Like a hero in an open-world game environment, mobile gaming seems forever at a crossroads.
On one hand, business keeps booming. Pokemon Go, HQ Trivia, Candy Crush Saga, Angry Birds, Fortnite for mobile — the list of genuine cultural phenomena, even if only for a time, that have sprung forth from Google Play for Android and Apple’s App Store grows unabated. And global mobile gaming revenue will climb to a staggering $68.5 billion this year. That’s vastly greater than console gaming revenue, which is projected to hit $47.9 billion.
On the other hand, some gamers and developers have lamented for years the industry’s evolution toward so-called “freemium” — games that are free to download and play, but littered with rhythm-killing ads and prompts for in-app purchases, or microtransactions, sometimes cynically built into the gameplay architecture via delays and timers — unless, of course, you pay up.

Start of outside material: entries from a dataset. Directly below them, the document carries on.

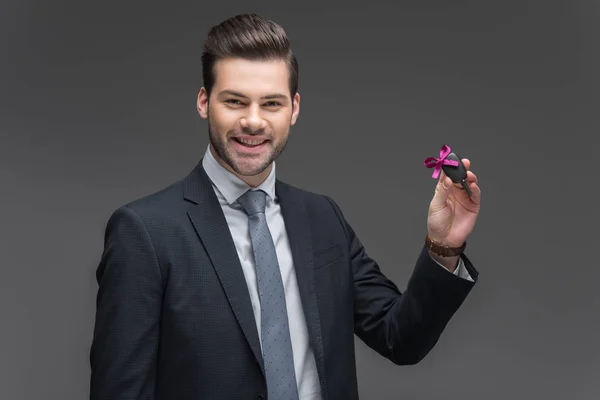 Smiling businessman holding car key, isolated on grey — Stock Photo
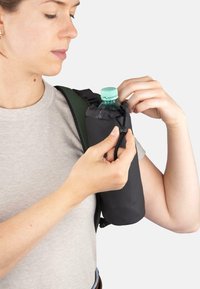 Schwarzer isolierter Wasserflaschenhalter, der an einem Riemen befestigt ist, mit einer klaren Flasche darin. Eine Person richtet den Kordelverschluss oben am Halter ein.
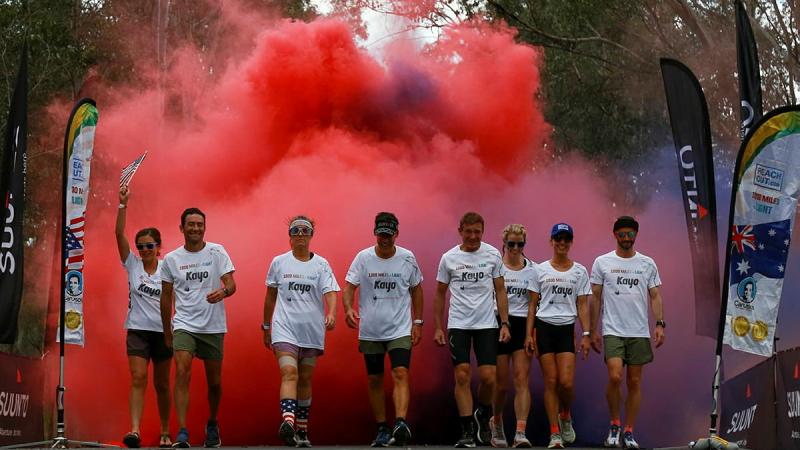 Australian and American ultramarathon runners celebrate the completion of the 1000 Miles to Light run held around Singleton Military Area, NSW.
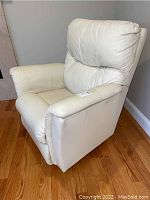 Front angle view showing padded backrest and armrest with cream leather-like material on wooden floor.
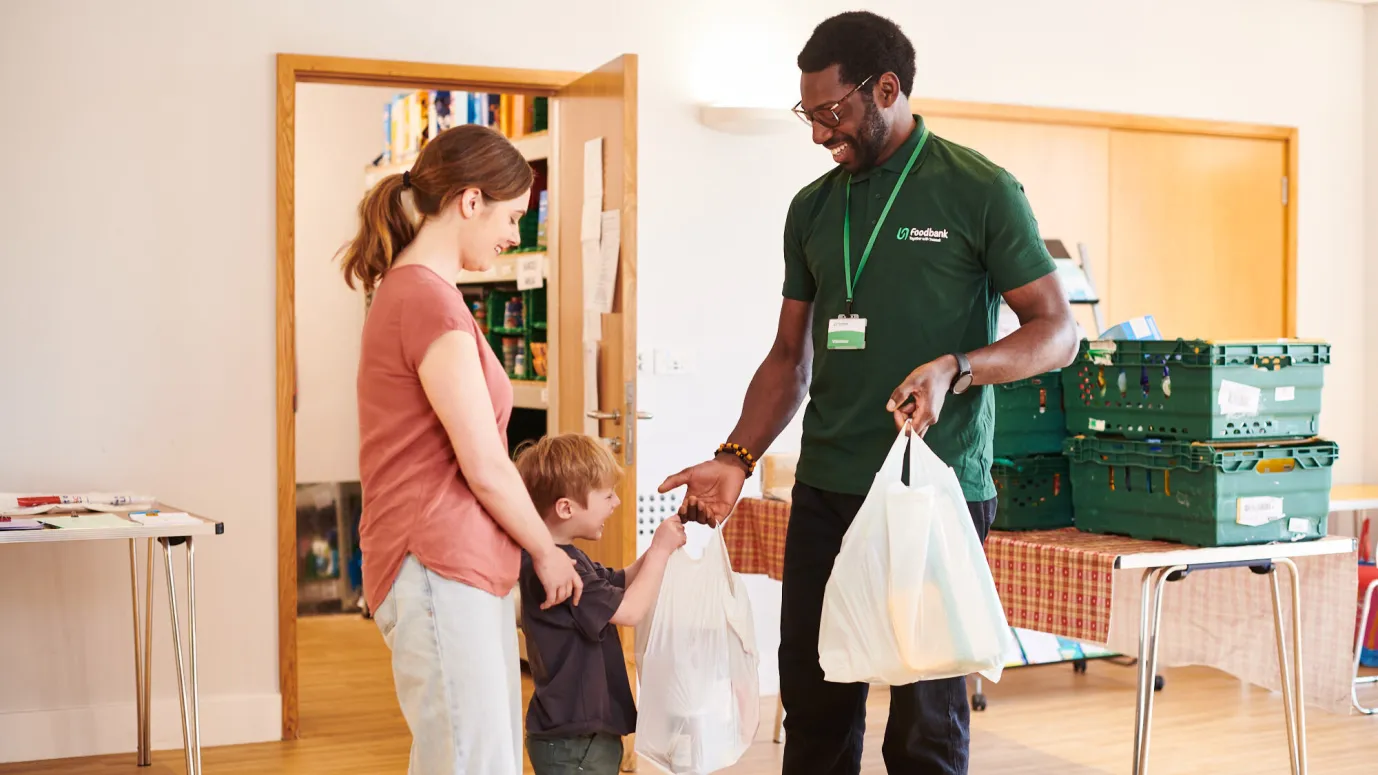 A volunteer hands Amy and Leo their food parcel at the food bank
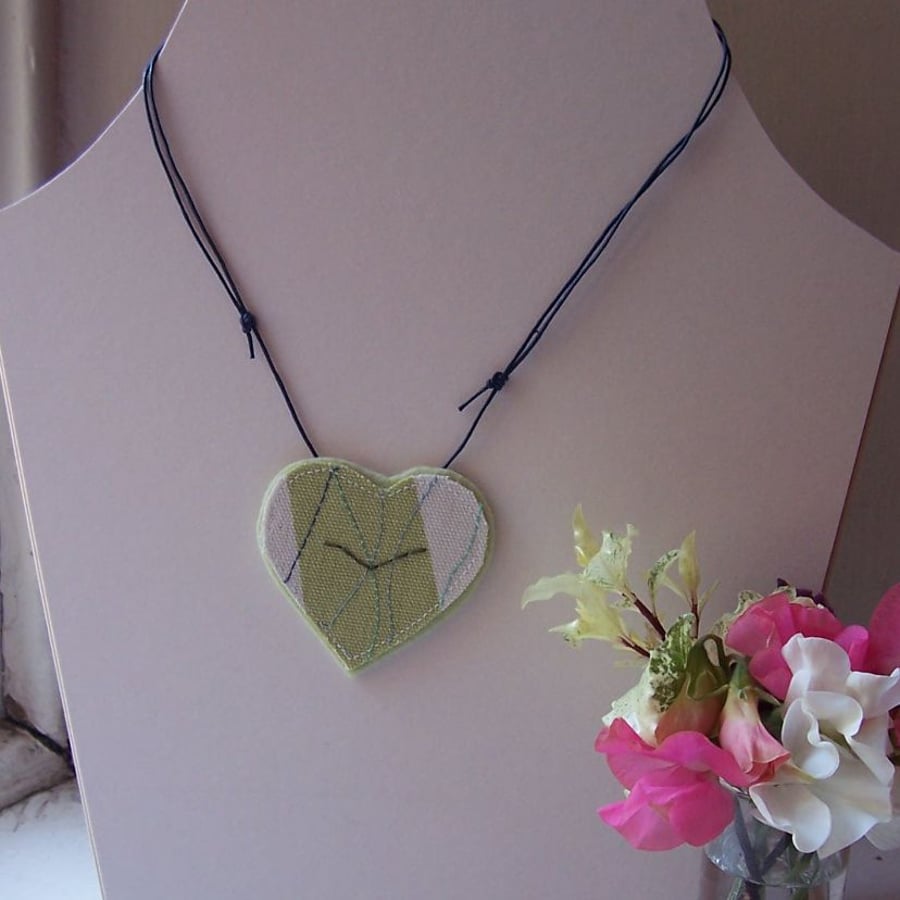 Ocean bird, heart shaped, hand and machine embroidered necklace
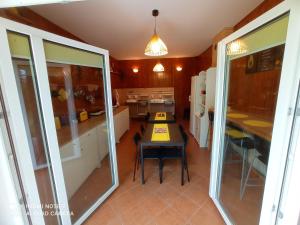 a kitchen with a table and a dining room at Biały Dom - Pokoje in Wejsuny +39 photos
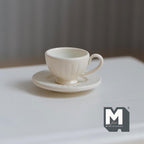 1:12 scale miniature coffee cup and ribbed saucer in cream, set of 2, fluted cup with handle on a white table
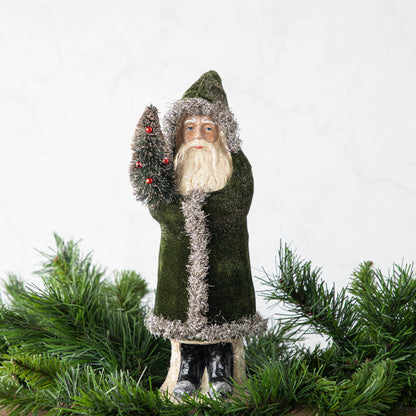 A 12&quot; Velvet Belsnickle figurine with a forest green velvet robe adorned with tinsel trimming and glitter, holding a tree.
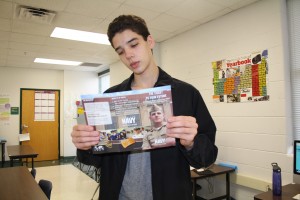 Daniel looking at the ROTC pamphlet. Photo by Vanessa Ramirez 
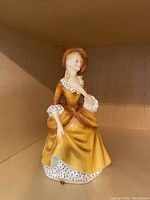 Front view of the Royal Doulton porcelain figurine showing the delicate facial details and front of the yellow dress with ruffled, dotted trims.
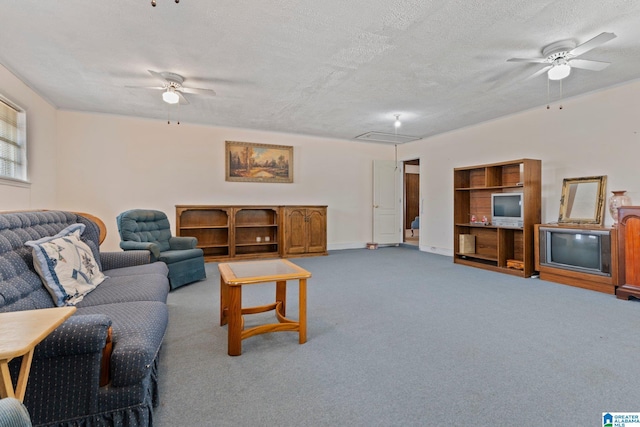 carpeted living room with ceiling fan and a textured ceiling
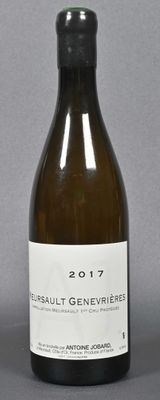 a bottle of wine that is sitting on a table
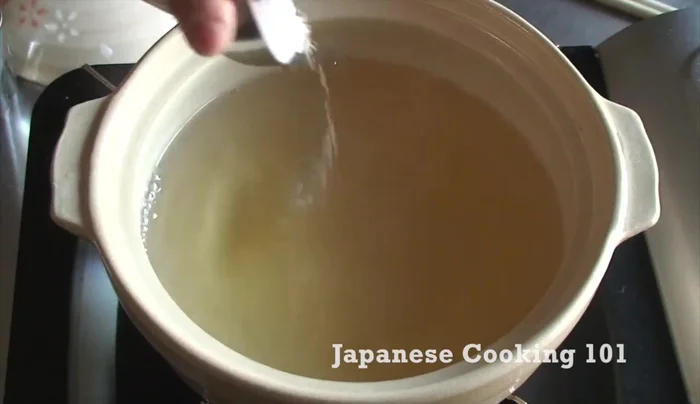 In a nabe pot, add dashi broth and seasonings: salt, soy sauce, sake, and mirin. Stir.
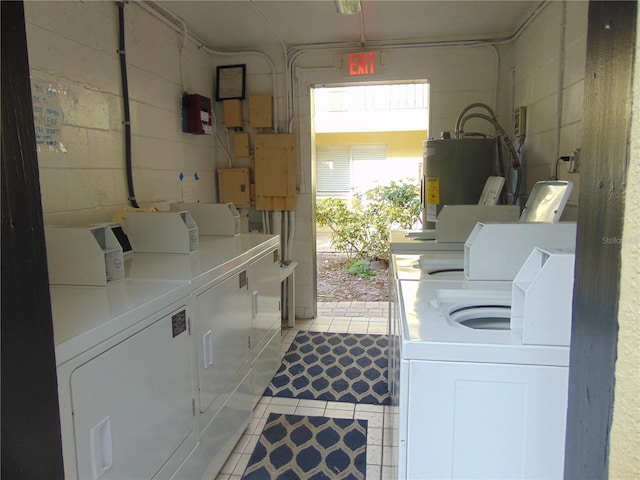 clothes washing area featuring light tile patterned floors, water heater, independent washer and dryer, electric panel, and concrete block wall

That divide is even more apparent now, with both Google and Apple recently unveiling monthly subscription platforms in which in-app purchases are either disabled or nonexistent. Whether or not that model, effectively the Netflixization of mobile gaming, sticks is anyone’s guess. What’s certain is that, between AAA dynamos and innovative indies, games designed for your phone or tablet are bigger than ever.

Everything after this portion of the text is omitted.